Predicting Urban Reservoir Levels Using Statistical Learning Techniques
Currently, about 50% of the world population lives in cities, and the World Bank has projected that by 2050, this number will grow to 65%. When paired with a changing hydrological environment, including an increased likelihood of droughts, rapid urban growth puts cities and their watersheds in a vulnerable position.
An interesting paper that employs supervised learning techniques to predict reservoir levels.
The main focus for this study was Atlanta, Georgia, although Indianapolis, Indiana and Austin, Texas were also included in the analysis. The authors investigate the predictive power using a number of models:
- Generalized linear model (GLM)
- Generalized additive model (GAM)
- Multivariate adaptive regression splines (MARS)

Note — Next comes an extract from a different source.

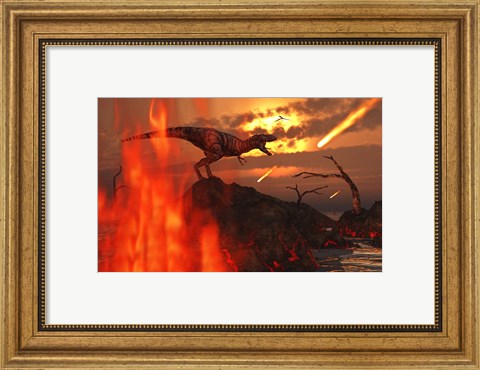 Framed T Rex and Fireballs Print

- Classification and regression tree (CART)
- Bagged CART
- Random forest, Support vector machine (SVM)
- Bayesian additive regression tree (BART)
and attempt to understand which predictors (hydrological system inputs and outputs) – precipitation, streamflow, population, dew point temperature, humidity, water use, soil moisture, contribute the most to the predictive accuracy. Not surprisingly the importance of each predictor varies with system. Population and the ENSO index appear to have the largest relative effect. Interestingly local rainfall (precipitation) was the least important variable.
The data and supplemental notes on the methodology are available on the Nature website. At some point I'll go back and look at this in more detail. It would be interesting to see if this could be applied to Cape Town.
The most important variables were the streamflow (into the reservoir), dew point temperature, and population, followed by soil moisture and the El Niño/Southern Oscillation (ENSO) index. Conversely, precipitation was the least important variable when trying to predict reservoir level.